Nur der Fahrtwind erfrischt uns zurzeit, sonst herrscht Windstille. Badou steht auch jetzt unbeirrbar an der Lenkstange, die er nur selten an Abdoulaye abgibt, etwa, um die Lage des Boots mit seinem GPS-Gerät zu kontrollieren.

»Wir sind etwa zehn Kilometer von der Küste entfernt, abends sollten wir die mauretanischen Gewässer erreichen.«

Mauretanien. Ich erinnere mich, wie ich mit einem gebrechlichen und halb verrosteten Volkswagen – einem roten Passat – am Festland entlang der Passatwinde in die entgegengesetzte Richtung gefahren bin. Damals gab es schon eine asphaltierte Straße von Nord nach Süd, über den Strand wäre mein Fahrzeug wohl nicht weitergekommen.

Warum gerade ich dieses Auto nach Westafrika überstellen sollte – die Reise hätte bis Nigeria gehen sollen –, daran will ich mich gar nicht erinnern. Für derartige Fahrten suchten sich die Ankäufer von europäischen Schrottautos eher unternehmungslustige junge Leute aus, die Freude am Abenteuer haben und die den Heimweg dann mit einem bereits vorausbezahlten Flugticket antreten. Zahlreich waren die Polizeikontrollen auf der Straße zwischen der nordmauretanischen Stadt Nouadhibou und der Hauptstadt Nouakchott, einer staubigen Ansammlung meist eingeschossiger Häuser, die nicht viel mehr bietet als ein paar akzeptable Restaurants und Läden, um Proviant aufzunehmen, die aber doch groß genug ist, um auch auf diesem Außenposten Afrikas veritable Verkehrsstaus vorweisen zu können. Zur Erholung fuhr ich zum nahegelegenen Strand und sah dem regen Treiben der durchwegs dunkelhäutigen Menschen am Fischerhafen zu. Die buntbemalten Pirogen gefielen mir schon damals.
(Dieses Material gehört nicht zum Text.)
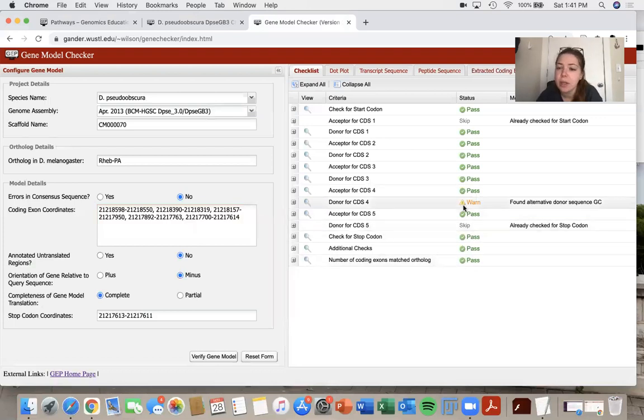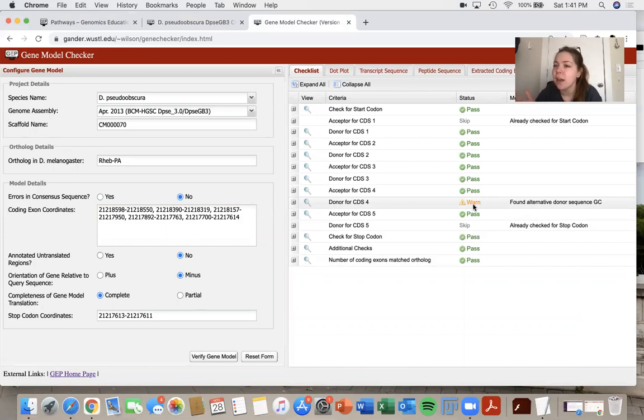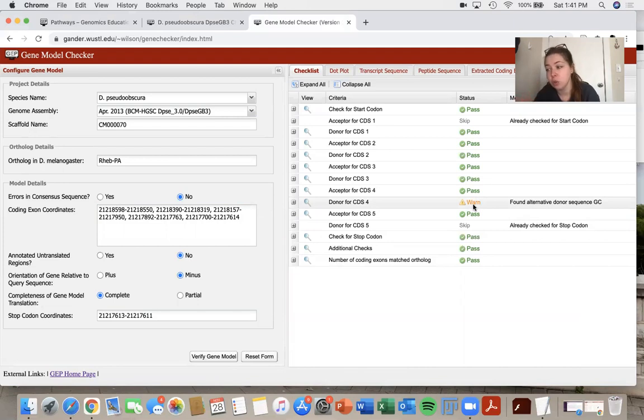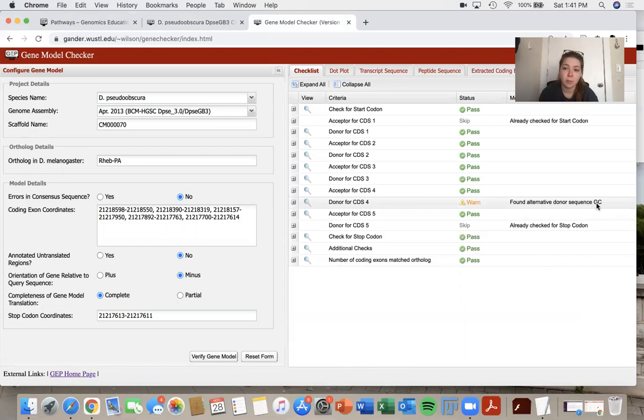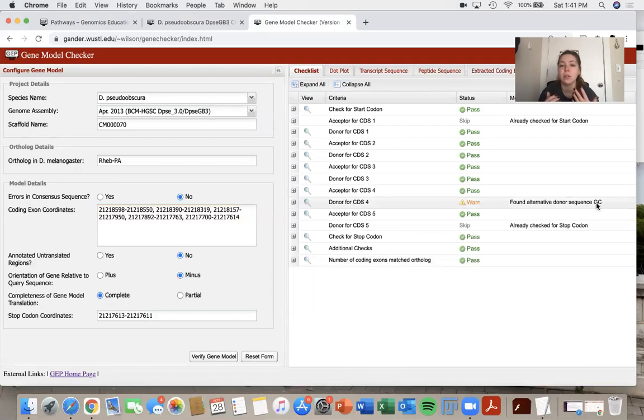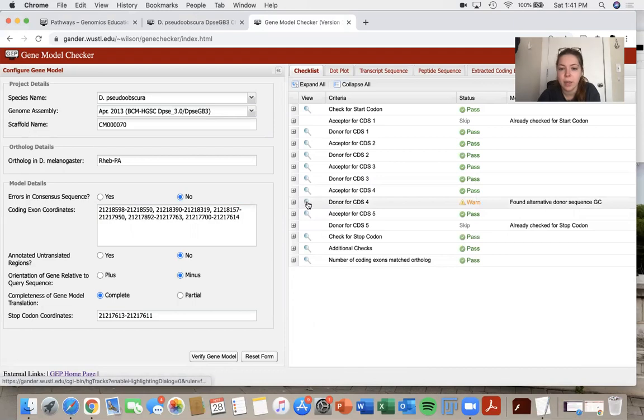So now let's check this warn. So this warn is just kind of like, please check this out. It's not necessarily wrong, but it's something that's a little bit unusual. So for this one, it's telling me that it found an alternative sequence for a donor site that's GC. So we do know that sometimes you can have a splice donor that's a GC versus a GT, but it is more uncommon. So they just want us to really ensure that that's actually what's happening.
Ich hätte aber nie daran gedacht, dass ich einmal in einem derartigen zum Seelenverkäufer verwandelten Fischerboot als einziger Weißer inmitten von Schwarzen die Heimreise nach Europa antreten würde.

Ich war erleichtert, nur noch drei Stunden Fahrt bis zur Grenze des Senegals vor mir zu haben, zu sehr beunruhigten mich die Warnungen, die westliche Botschaftskanzleien an ihre Staatsangehörigen wegen des Risikos der Entführung durch Terroristen richteten.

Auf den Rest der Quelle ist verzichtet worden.